Task data START

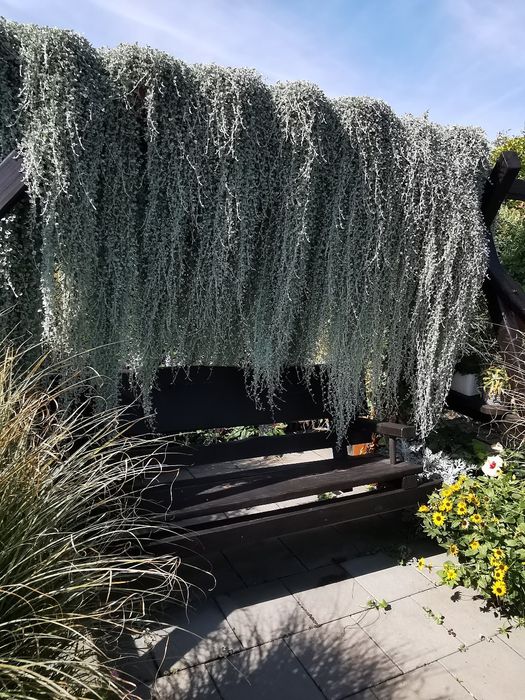 Dichondra srebrzysta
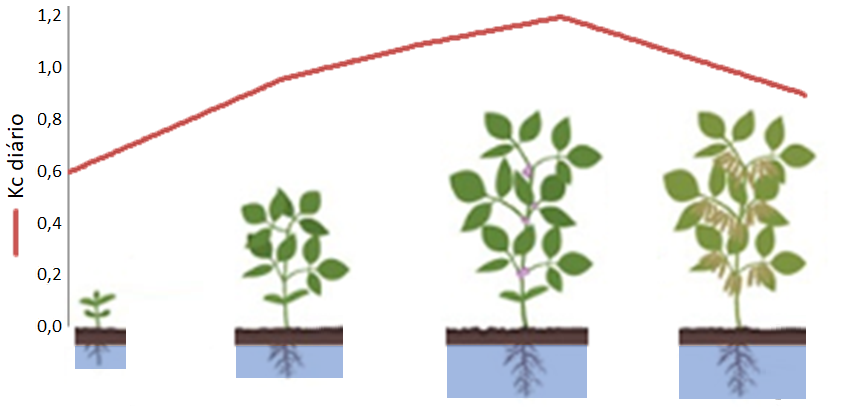 Manejo de irrigação - entendendo a fenologia das plantas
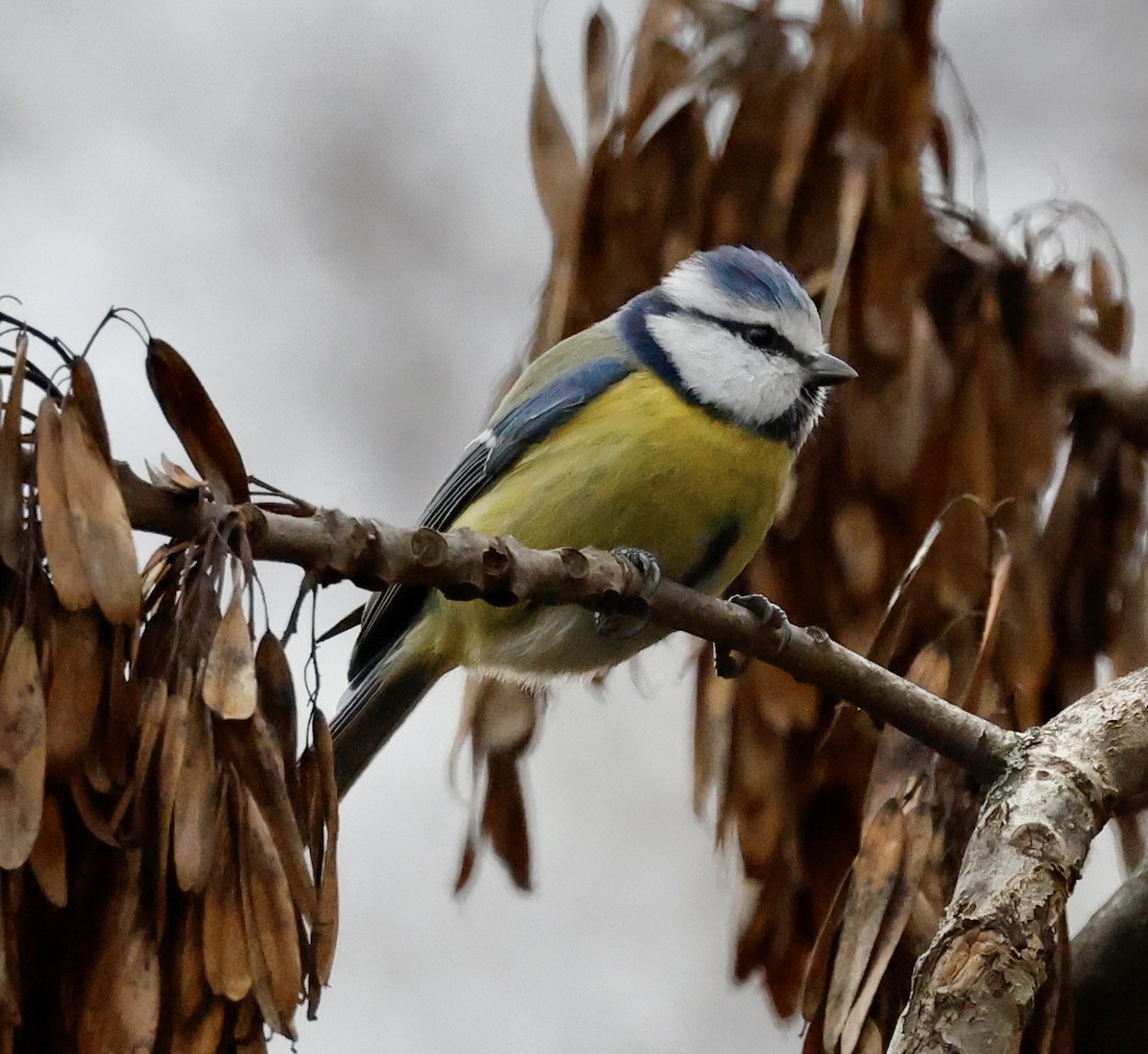 Eurasian Blue Tit - ML646998123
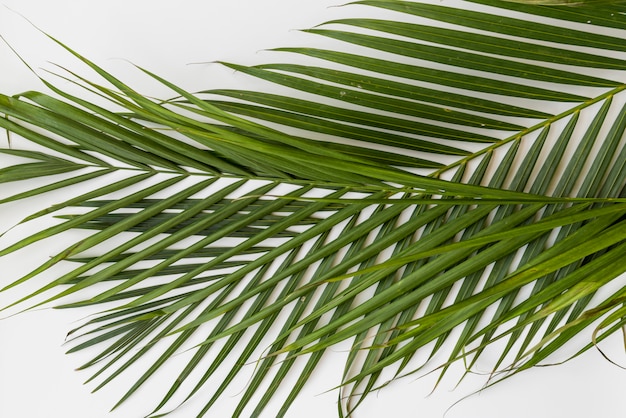 Free Photo | Green palm branches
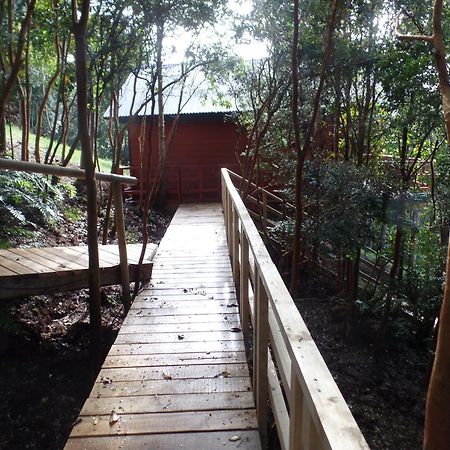 Parque Natural Rio Bravo Lodge Кастро Экстерьер фото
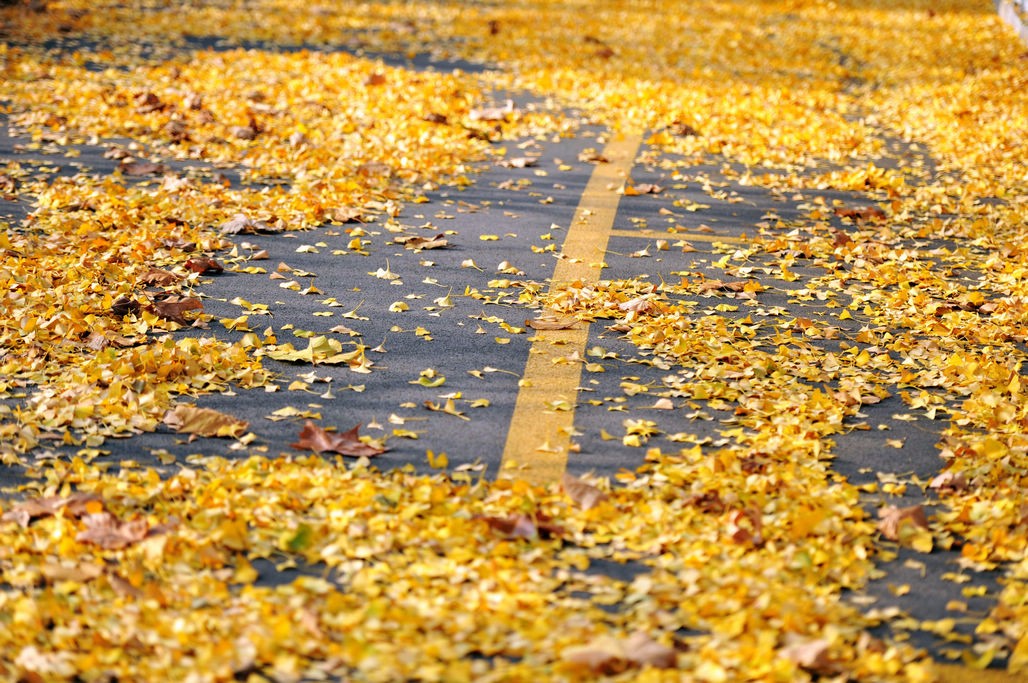 青岛一夜寒风起 吹落黄叶遍地金 山科大校园遍布黄金甲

Task data END

### Work order
With pictures left out, extract the lines from the one containing "Manejo de irrigação" to the end of the material above, both included, exactly as written.

### Solution to this task
 Manejo de irrigação - entendendo a fenologia das plantas
 Eurasian Blue Tit - ML646998123
 Free Photo | Green palm branches
 Parque Natural Rio Bravo Lodge Кастро Экстерьер фото
 青岛一夜寒风起 吹落黄叶遍地金 山科大校园遍布黄金甲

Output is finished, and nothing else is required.